Southern Cornbread Bites (Print)

Soft, cheesy cornbread bites with pops of corn and a honey butter drizzle. Great for snacking or mealtime sides.

# Ingredients:

→ Dry Ingredients

01 - 1 tablespoon baking powder for a nice fluffy lift
02 - 1/4 cup white sugar for a hint of sweetness
03 - 1/2 teaspoon salt to bring out the flavors
04 - 1 cup yellow cornmeal for that rustic feel
05 - 1 cup plain flour to keep the balance soft

→ Wet Ingredients

06 - 1 cup buttermilk for that soft, tangy texture
07 - 1/4 cup melted butter to make it rich and buttery
08 - 2 large eggs to hold it all together

→ Mix-ins & Toppings

09 - 1/2 cup shredded cheddar cheese for melty goodness
10 - 1/4 cup softened butter drizzled with honey for topping
11 - Fresh parsley or chives if you're feeling fancy (optional)
12 - 1 cup corn kernels, fresh or frozen, for bursts of sweetness
13 - 1/4 cup honey to add a finishing sweetness

# Steps:

01 - Turn your oven to 400°F (200°C) and get it heating. Grease up your mini muffin tray, or go for silicone molds for an easier removal.
02 - In a big bowl, mix together your cornmeal, flour, sugar, salt, and baking powder. Stir it all up until everything is well mixed.
03 - In another bowl, whisk your buttermilk, melted butter, and eggs together until it turns silky smooth and ready to go.
04 - Pour the wet stuff into the dry mixture. Stir it enough to combine—don’t go wild on mixing since a bit of lumps are okay here.
05 - Gently fold in the corn kernels and shredded cheddar. They'll give your batter a colorful, tasty boost.
06 - Scoop the batter into the muffin tin, filling each spot about 2/3 full.
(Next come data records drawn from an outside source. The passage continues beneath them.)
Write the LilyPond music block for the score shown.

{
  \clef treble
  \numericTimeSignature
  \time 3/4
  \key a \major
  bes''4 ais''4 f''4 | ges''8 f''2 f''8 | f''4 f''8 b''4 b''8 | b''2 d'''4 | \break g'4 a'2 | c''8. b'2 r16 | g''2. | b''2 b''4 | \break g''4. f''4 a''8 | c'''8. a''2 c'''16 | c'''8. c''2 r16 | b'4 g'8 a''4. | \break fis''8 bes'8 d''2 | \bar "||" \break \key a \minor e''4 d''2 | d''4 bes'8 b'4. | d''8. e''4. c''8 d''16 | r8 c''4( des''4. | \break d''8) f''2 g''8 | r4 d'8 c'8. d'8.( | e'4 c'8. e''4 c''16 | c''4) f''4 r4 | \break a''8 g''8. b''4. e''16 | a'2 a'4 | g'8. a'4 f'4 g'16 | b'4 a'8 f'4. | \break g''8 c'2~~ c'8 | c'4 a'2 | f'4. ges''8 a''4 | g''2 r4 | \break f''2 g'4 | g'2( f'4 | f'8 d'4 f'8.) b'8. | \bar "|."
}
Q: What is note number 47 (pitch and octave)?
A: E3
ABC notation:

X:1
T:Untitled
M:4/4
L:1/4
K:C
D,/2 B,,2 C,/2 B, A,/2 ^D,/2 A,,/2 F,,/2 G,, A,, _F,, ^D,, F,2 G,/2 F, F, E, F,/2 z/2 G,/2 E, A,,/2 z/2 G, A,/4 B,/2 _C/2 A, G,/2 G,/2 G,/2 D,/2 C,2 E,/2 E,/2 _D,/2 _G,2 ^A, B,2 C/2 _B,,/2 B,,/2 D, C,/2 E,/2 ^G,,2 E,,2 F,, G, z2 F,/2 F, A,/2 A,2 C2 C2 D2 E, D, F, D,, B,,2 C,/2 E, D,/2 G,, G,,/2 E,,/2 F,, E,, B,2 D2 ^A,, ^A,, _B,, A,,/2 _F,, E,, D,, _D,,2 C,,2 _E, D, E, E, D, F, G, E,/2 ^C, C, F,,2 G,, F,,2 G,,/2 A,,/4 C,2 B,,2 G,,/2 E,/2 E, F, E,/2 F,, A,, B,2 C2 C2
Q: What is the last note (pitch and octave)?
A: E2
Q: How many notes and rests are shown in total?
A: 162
Leave some space for them to rise as they bake!
07 - Slide the tray into the oven for 12-15 minutes. You’ll know they're good when they're golden and a toothpick comes out clean.
08 - While they bake, mix your softened butter with honey until it's velvety smooth. Perfect to slather on top!
09 - Let the muffins cool slightly before you take them out. Add a drizzle of honey butter and sprinkle some herbs if you like. Serve while warm!

# Notes:

01 - Store leftovers in a sealed container for up to 2 days at room temp, or 4 days in the fridge.
02 - Don’t have fresh corn? Use frozen—it’ll work just as well.
03 - Swap the cheddar for pepper jack or Monterey Jack if you want a new flavor twist.